** Dataset records follows **

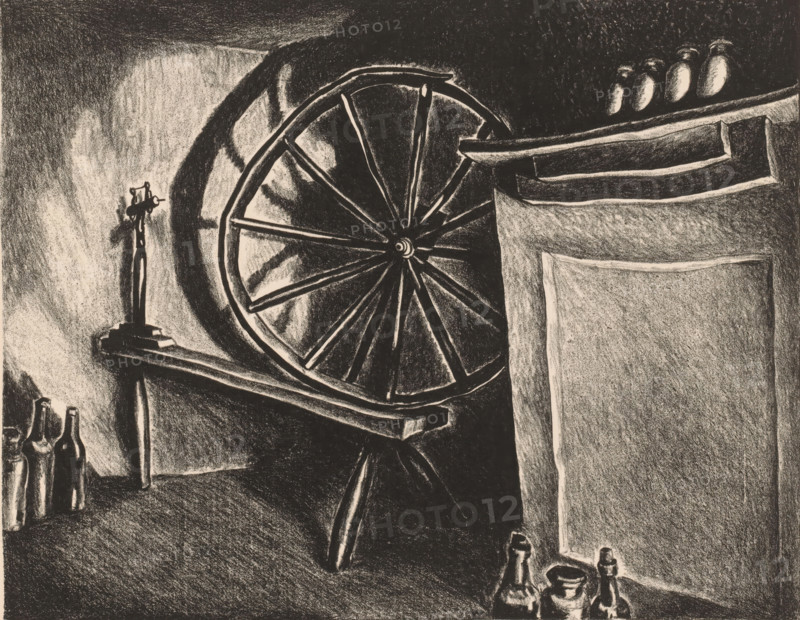 Spinning wheel, print, printmaker: Wanda Gág (signed by artist), 1903 - 1946, paper, lithography, height 292 mm x width 403 mm, spinning-wheel, A dark charcoal drawing shows a large wooden wheel with spokes mounted on a stand against a shadowed wall, with thick beams and angled supports nearby; several glass bottles of varying shapes rest on a surface in the foreground and another cluster sits on a shelf at the far left; three rounded objects sit on a high shelf at the top right; heavy shading creates contrasting light and dark areas across the floor, wall, and wooden structures.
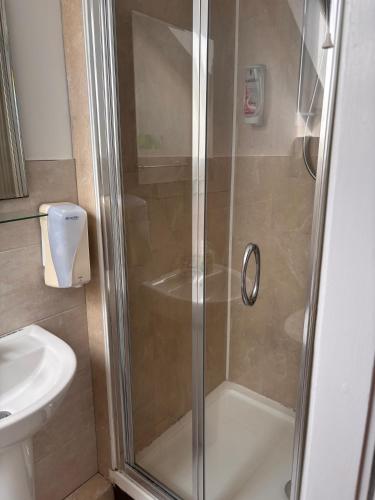 a shower with a glass door in a bathroom at The Park Lodge in Kinsale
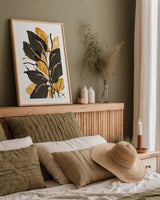 Amber Black and Gold II by Chris Paschke. shown as a paper print in a natural frame. Available as a archival giclee rolled canvas, fine art paper, or poster print. SKU 76323h.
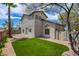 Two story home featuring artificial turf, desert landscaping, stucco exterior, and tile roof at 955 Leadville Meadows Dr, Henderson, NV 89052
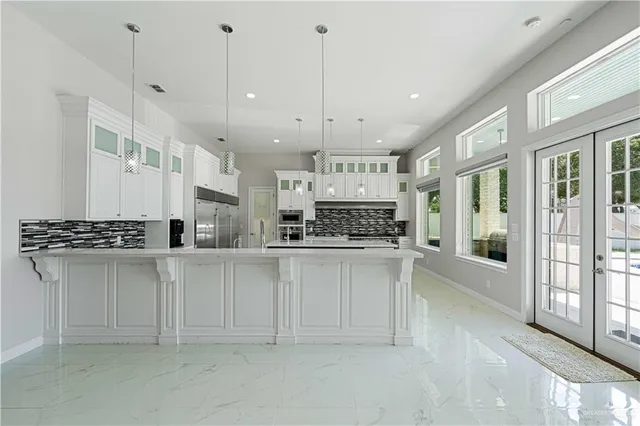 a kitchen with stainless steel appliances granite countertop a stove and white cabinets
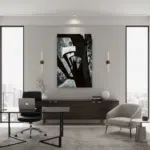 A person gazes through a limestone archway, framed by wild bushes and the ancient, weathered walls of the Citadel in Gozo, Malta, with the deep blue Mediterranean Sea visible in the distance under a clear sky.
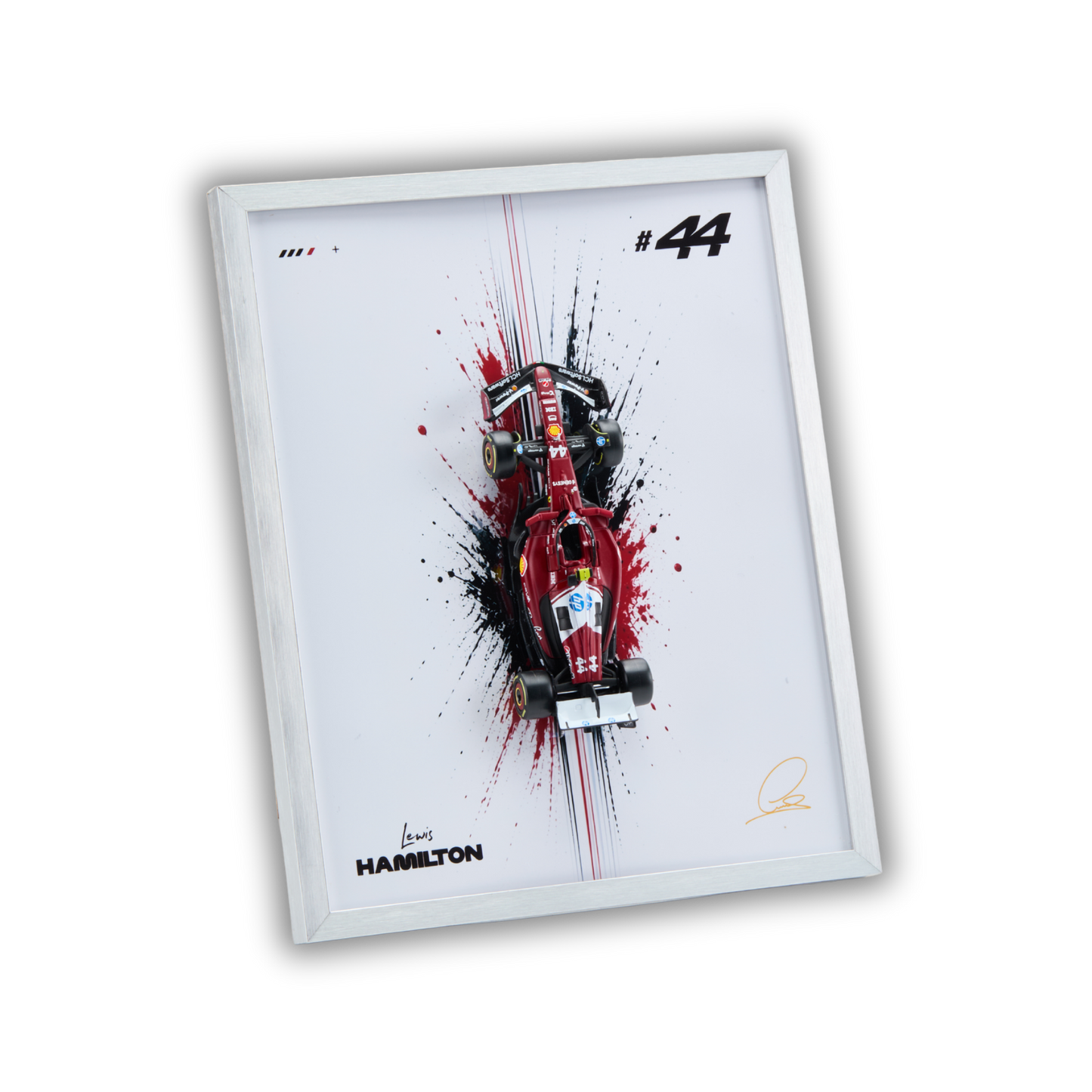 A framed art print featuring a red Formula 1 race car on a white background with black paint splatters, the number 44, and signatures including Hamilton's name and a gold signature. The frame is shown at an angle against a plain white background.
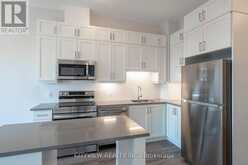 503 - 3265 CARDING MILL TRAIL | Oakville Ontario | Slide Image Four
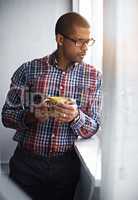 Business man taking a break while looking out of the window. African American male relaxing indoors by viewing outside urban activity. Office worker watching city life below the building.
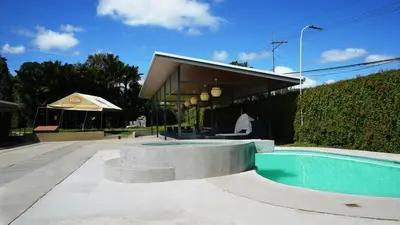 a house with a swimming pool next to a building at Hotel Pacuare in Siquirres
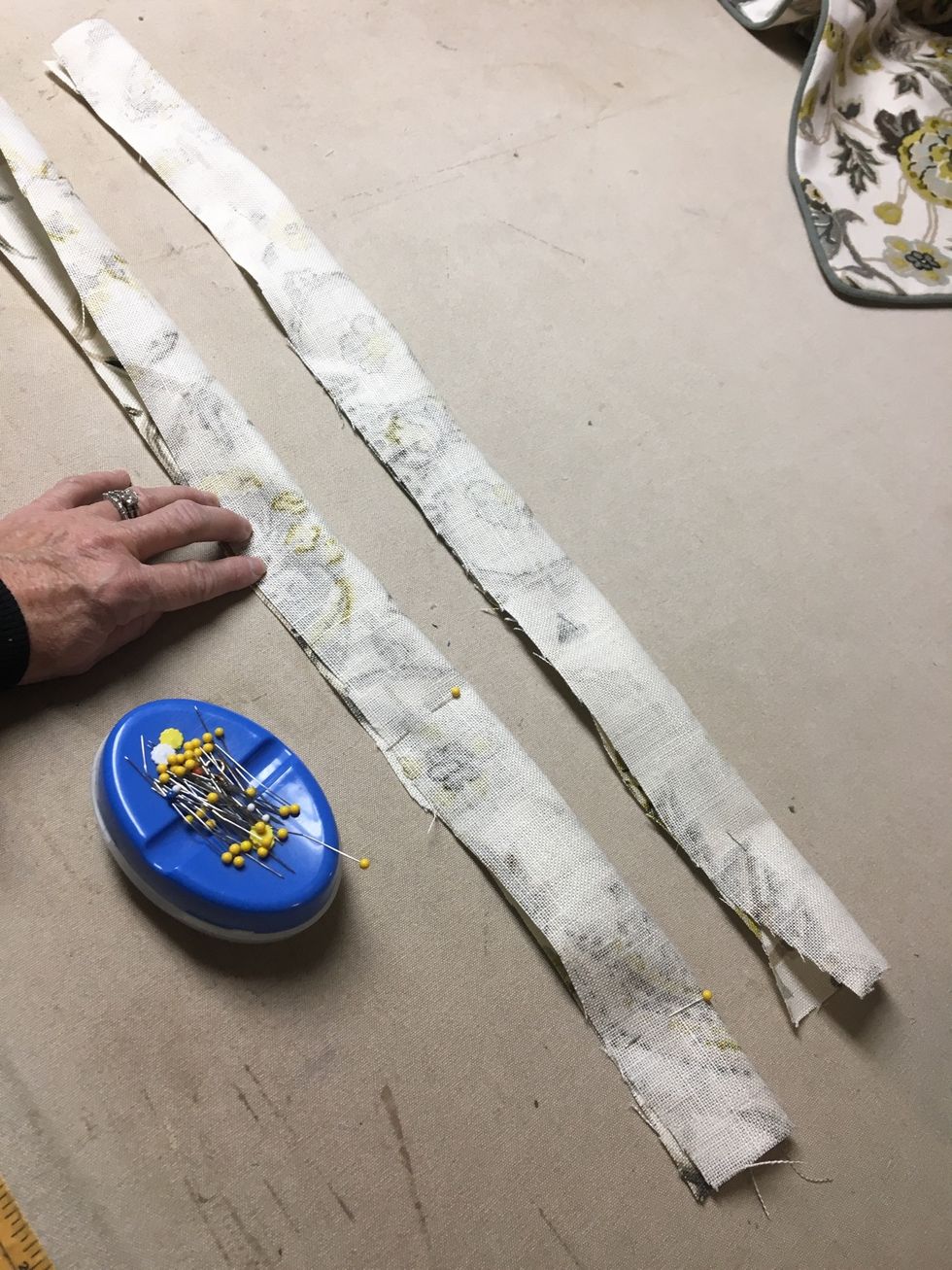 TABS:  Fold tab strips in half, right sides together and pin or staple.  Stitch down the long side and across one end to make 2 tubes.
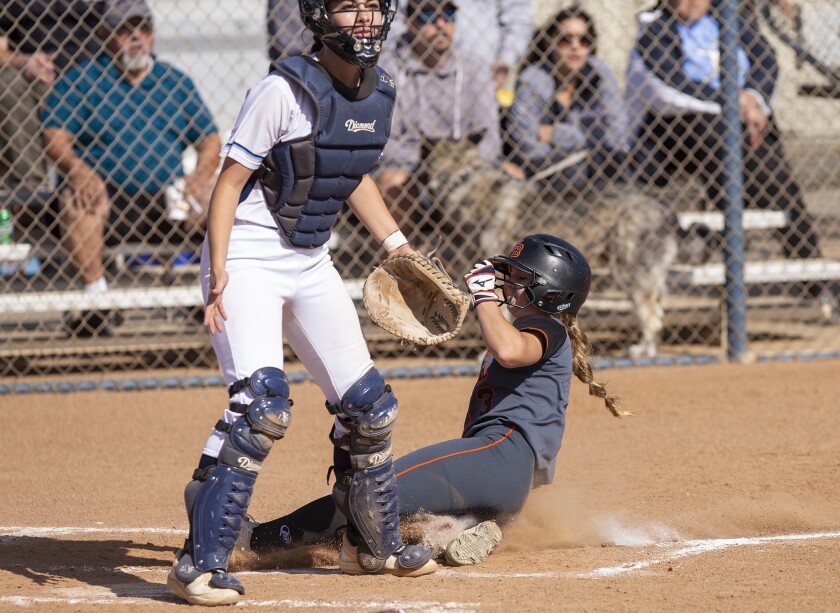 Huntington Beach's Sophia Knight scores on a single by Jaylene Duarte in a Surf League game against Marina on April 19.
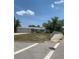 Exterior of the home set on a hill, featuring a driveway and well-kept landscaping at 2233 N Normandy Blvd, Deltona, FL 32725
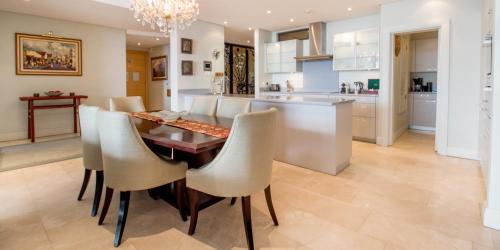 a kitchen and dining room with a table and chairs at Waterfront Village in Cape Town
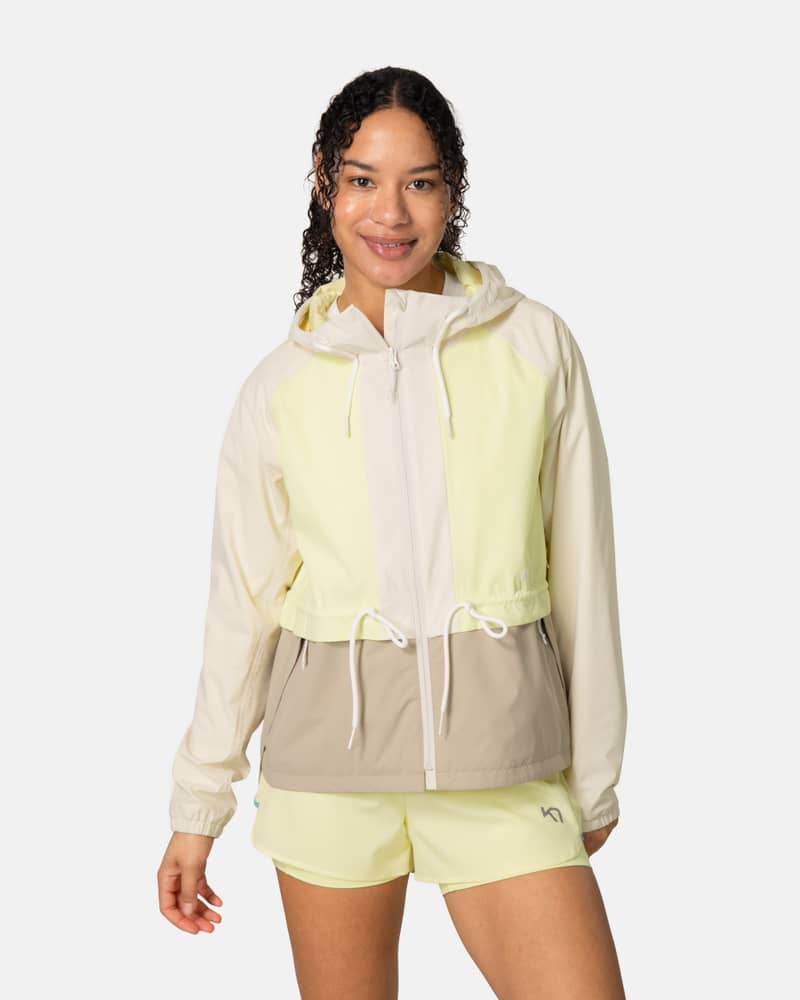 Woman wearing the Kari Traa Luna Jacket in light yellow and tan, a weatherproof layer with an adjustable hood.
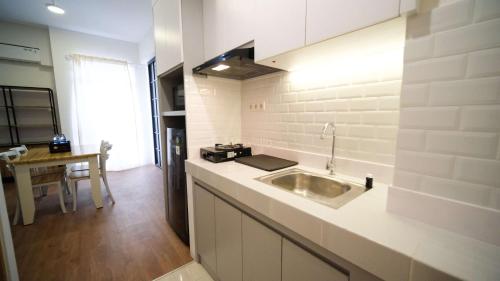a white kitchen with a sink and a table at Wonderful 2BR Combine at Bale Hinggil Apartment By Travelio in Medokanayu
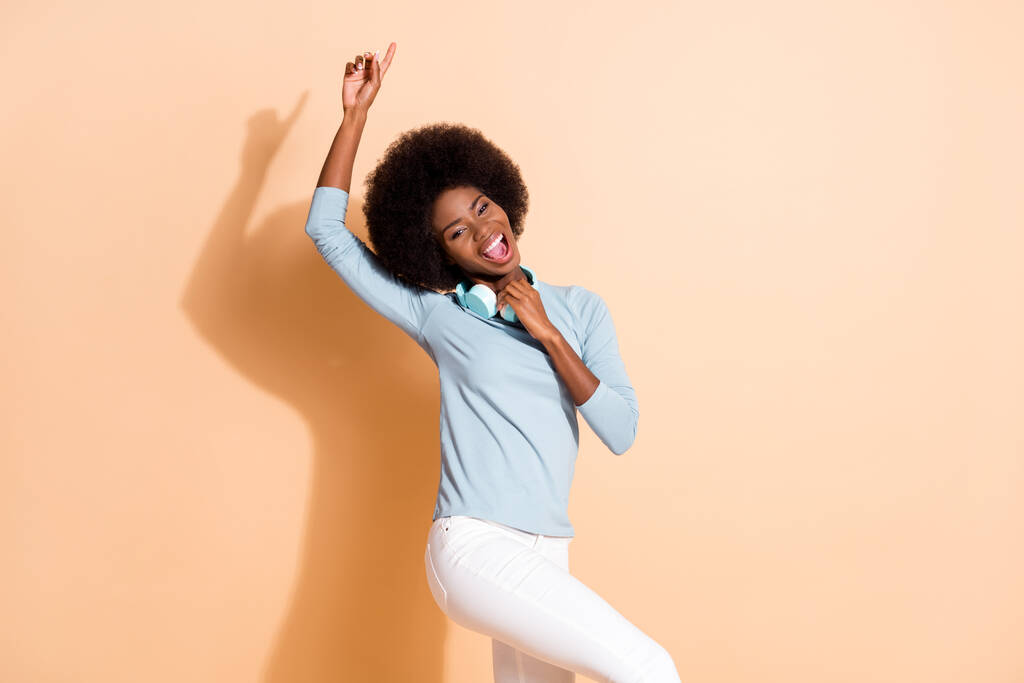 Портрет афро - американської жінки, яка вказує пальцем на бездротові навушники, ізольовані на кольоровому тлі пастеля бежевого кольору. - Фото, зображення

** End of Dataset records **

Exercise description:
When you return the listing, keep it exact and omit any pictures it holds.

Answer section:
 Spinning wheel, print, printmaker: Wanda Gág (signed by artist), 1903 - 1946, paper, lithography, height 292 mm x width 403 mm, spinning-wheel, A dark charcoal drawing shows a large wooden wheel with spokes mounted on a stand against a shadowed wall, with thick beams and angled supports nearby; several glass bottles of varying shapes rest on a surface in the foreground and another cluster sits on a shelf at the far left; three rounded objects sit on a high shelf at the top right; heavy shading creates contrasting light and dark areas across the floor, wall, and wooden structures.
 a shower with a glass door in a bathroom at The Park Lodge in Kinsale
 Amber Black and Gold II by Chris Paschke. shown as a paper print in a natural frame. Available as a archival giclee rolled canvas, fine art paper, or poster print. SKU 76323h.
 Two story home featuring artificial turf, desert landscaping, stucco exterior, and tile roof at 955 Leadville Meadows Dr, Henderson, NV 89052
 a kitchen with stainless steel appliances granite countertop a stove and white cabinets
 A person gazes through a limestone archway, framed by wild bushes and the ancient, weathered walls of the Citadel in Gozo, Malta, with the deep blue Mediterranean Sea visible in the distance under a clear sky.
 A framed art print featuring a red Formula 1 race car on a white background with black paint splatters, the number 44, and signatures including Hamilton's name and a gold signature. The frame is shown at an angle against a plain white background.
 503 - 3265 CARDING MILL TRAIL | Oakville Ontario | Slide Image Four
 Business man taking a break while looking out of the window. African American male relaxing indoors by viewing outside urban activity. Office worker watching city life below the building.
 a house with a swimming pool next to a building at Hotel Pacuare in Siquirres
 TABS:  Fold tab strips in half, right sides together and pin or staple.  Stitch down the long side and across one end to make 2 tubes.
 Huntington Beach's Sophia Knight scores on a single by Jaylene Duarte in a Surf League game against Marina on April 19.
 Exterior of the home set on a hill, featuring a driveway and well-kept landscaping at 2233 N Normandy Blvd, Deltona, FL 32725
 a kitchen and dining room with a table and chairs at Waterfront Village in Cape Town
 Woman wearing the Kari Traa Luna Jacket in light yellow and tan, a weatherproof layer with an adjustable hood.
a white kitchen with a sink and a table at Wonderful 2BR Combine at Bale Hinggil Apartment By Travelio in Medokanayu
 Портрет афро - американської жінки, яка вказує пальцем на бездротові навушники, ізольовані на кольоровому тлі пастеля бежевого кольору. - Фото, зображення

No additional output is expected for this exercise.